What to work on - Copy word for word, please, the lines of the entries below running from the one containing "DreamSky Portable AM" to the one containing "20161122- Begini Wajah", both ends included.

The data -
-------
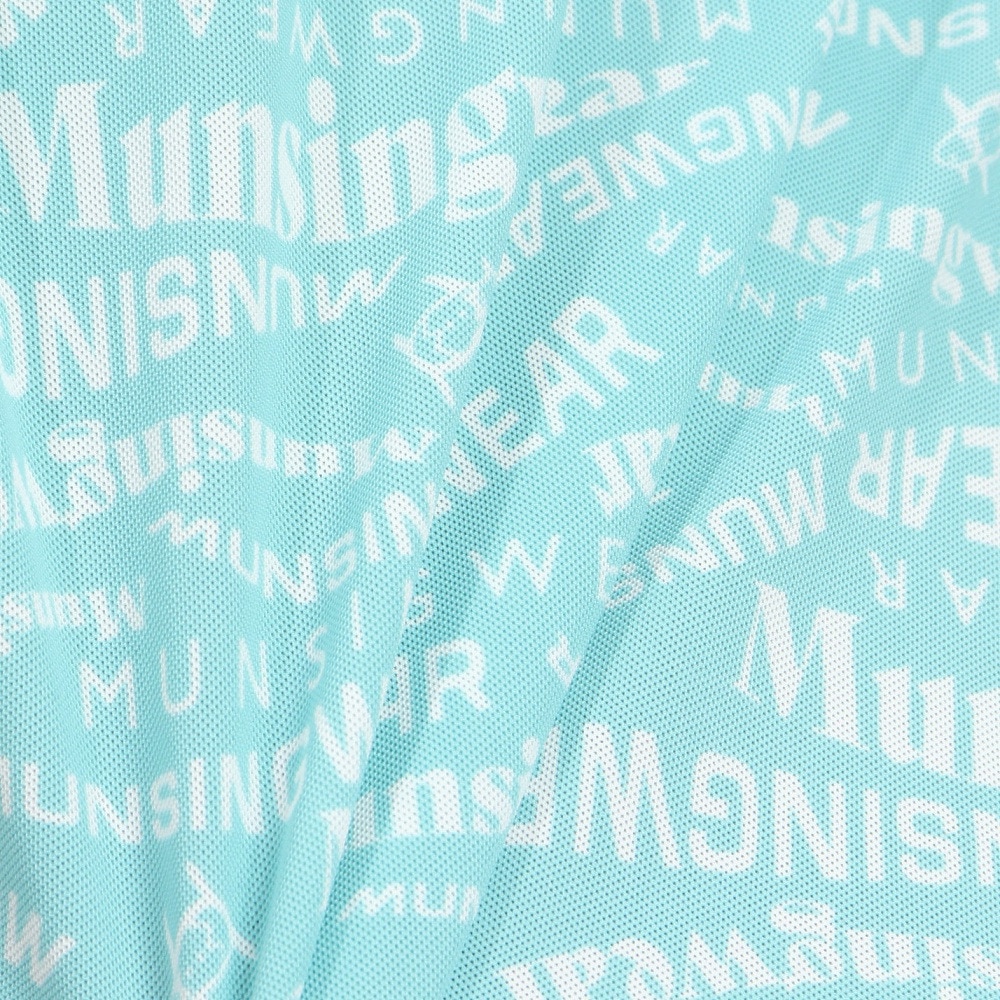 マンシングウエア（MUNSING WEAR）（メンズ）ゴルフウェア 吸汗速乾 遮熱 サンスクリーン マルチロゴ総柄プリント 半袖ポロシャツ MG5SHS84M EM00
-------
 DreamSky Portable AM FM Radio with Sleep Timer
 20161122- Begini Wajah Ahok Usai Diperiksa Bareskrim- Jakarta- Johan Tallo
-------
Result for this exercise -
 DreamSky Portable AM FM Radio with Sleep Timer
 20161122- Begini Wajah Ahok Usai Diperiksa Bareskrim- Jakarta- Johan Tallo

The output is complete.